Un autre intérêt constant d’Acemoglu est l’innovation technologique et l’intelligence artificielle. Selon Acemoglu, l’IA continue de causer plus de tort que de bien à la société en raison de l’accès inégal à cette technologie et du manque de réglementation. Dans leur nouveau livre commun, Power and Progress: Our Thousand-Year Struggle for Technology and Prosperity, qui retrace les transformations technologiques majeures de l’histoire de l’humanité, Acemoglu et Johnson montrent que la numérisation et l’introduction de l’IA peuvent rendre la vie pire ou bien meilleure pour la plupart des gens. – le résultat dépend des décisions économiques, sociales et politiques qui seront prises dans ce domaine. Le livre sur la technologie poursuit le thème des institutions, en montrant que le plus dangereux est que des technologies avancées puissent être données aux individus et aux entreprises, ce qui leur permettra d’acquérir un pouvoir énorme.

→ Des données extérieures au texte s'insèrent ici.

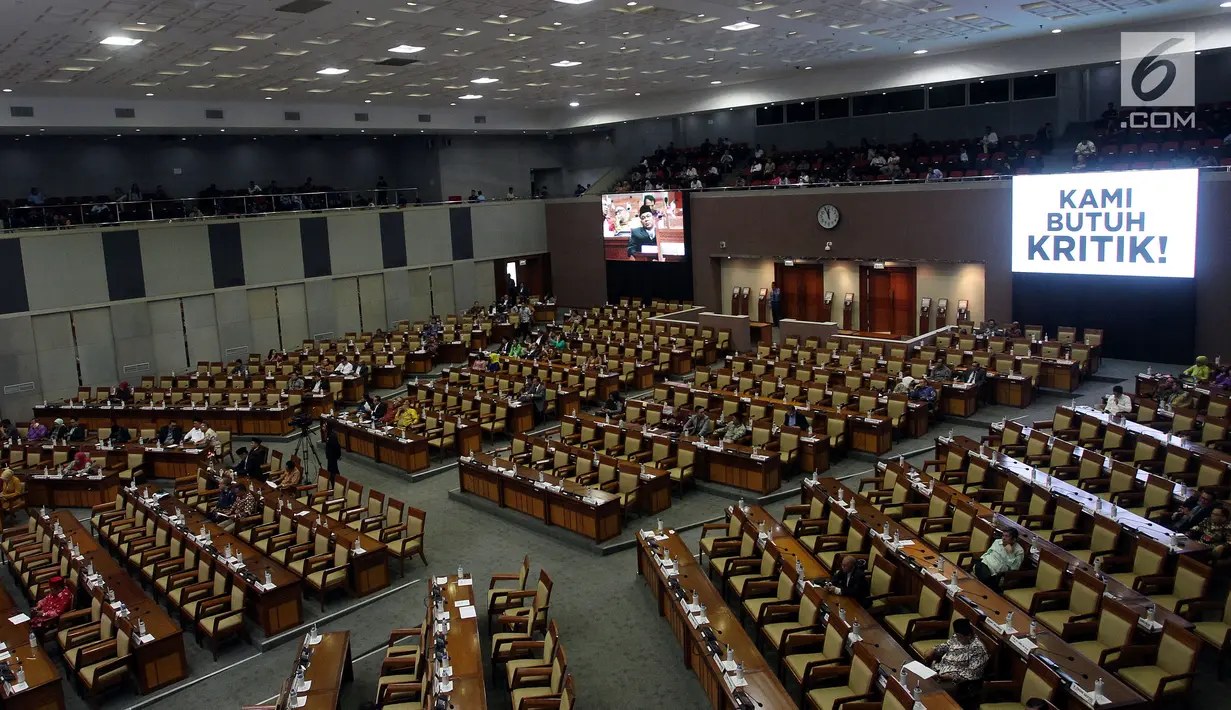 Suasana Sidang Paripurna di Gedung Nusantara II, Kompleks Parlemen, Senayan, Jakarta, Rabu (14/2). Penundaan pelantikan pimpinan baru DPR asal PDIP karena belum ada penomoran tentang hasil revisi UU MD3. (Liputan6.com/JohanTallo)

«Je ne m’inquiète pas du tout de l’IA superintelligente. Je m’inquiète de l’IA stupide parce que je pense que l’IA a un grand potentiel», a déclaré Acemoglu au comité Nobel après l’annonce des lauréats du prix 2024. “Et si nous ne l’utilisons pas ou si nous ne l’utilisons pas correctement, je pense que le potentiel sera perdu.” Mais plus important encore, s’il est mal utilisé, il deviendra un facteur majeur d’aggravation des inégalités, affaiblissant encore davantage la démocratie en raison de la manipulation de certains acteurs. Et cela contribuera à l’émergence d’une société à deux vitesses, dont je pense que nous commençons déjà à souffrir.»

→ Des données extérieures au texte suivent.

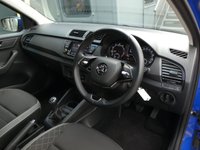 USED 2020 70 SKODA FABIA 1.0 SE 5d 60 S/S GOOD SERVICE HISTORY, 1 OWNER FROM NEW, SMARTLINK FOR APPLE CARPLAY ANDROID AUTO & MIRROR LINK (GIVES YOU SAT NAV), REAR PARKING SENSORS WITH DISPLAY, DAB RADIO, BLUETOOTH PHONE & MUSIC, SPEED LIMITER, USB INPUT, MANUAL GEARBOX, DAYTIME RUNNING LIGHTS, FRONT FOG LIGHTS, 15 INCH ALLOY WHEELS, LEATHER MULTIFUNCTION STEERING WHEEL, AIR CONDITIONING, MFD TRIP COMPUTER WITH DIGITAL SPEEDOMETER, SD CARD READER, FRONT ASSIST, ELECTRIC HEATED MIRRORS, ELECTRIC WINDOWS, ISO FIX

Au début des années 1800, l’économiste politique David Ricardo a découvert que les machines elles-mêmes ne sont ni bonnes ni mauvaises. Sa découverte selon laquelle l’impact des machines est déterminé selon qu’elles créent ou détruisent des emplois, et que cela dépend à son tour de la manière dont elles sont introduites et de la personne qui prend ces décisions, est plus pertinente aujourd’hui que jamais, ont écrit Acemoglu et Johnson en avril 2024. L’IA conviviale pour les travailleurs n’est possible qu’en changeant l’orientation de l’innovation dans l’industrie technologique et en introduisant de nouvelles règles et institutions. Comme à l’époque de Ricardo, il serait naïf de s’appuyer sur la philanthropie des leaders du monde des affaires et de la technologie. Il a fallu des années à l’Angleterre pendant la révolution industrielle pour mettre en œuvre des réformes politiques, créer la démocratie, légaliser les syndicats et changer l’orientation du progrès technologique. Les sociétés d’aujourd’hui sont confrontées au même défi, affirment Acemoglu et Johnson.
Il semble que leurs efforts aient eu un effet. Le lauréat du prix Nobel Paul Romer, qui pensait que la technologie était le moteur de l’économie moderne, a critiqué les géants de la technologie, arguant qu’ils étouffaient le flux des nouvelles idées, et a plaidé en faveur d’une taxe sur leur publicité. Et la première directrice générale adjointe du FMI, Gita Gopinath, a cité Acemoglu pour appeler à une réglementation de l’IA afin que la société en profite.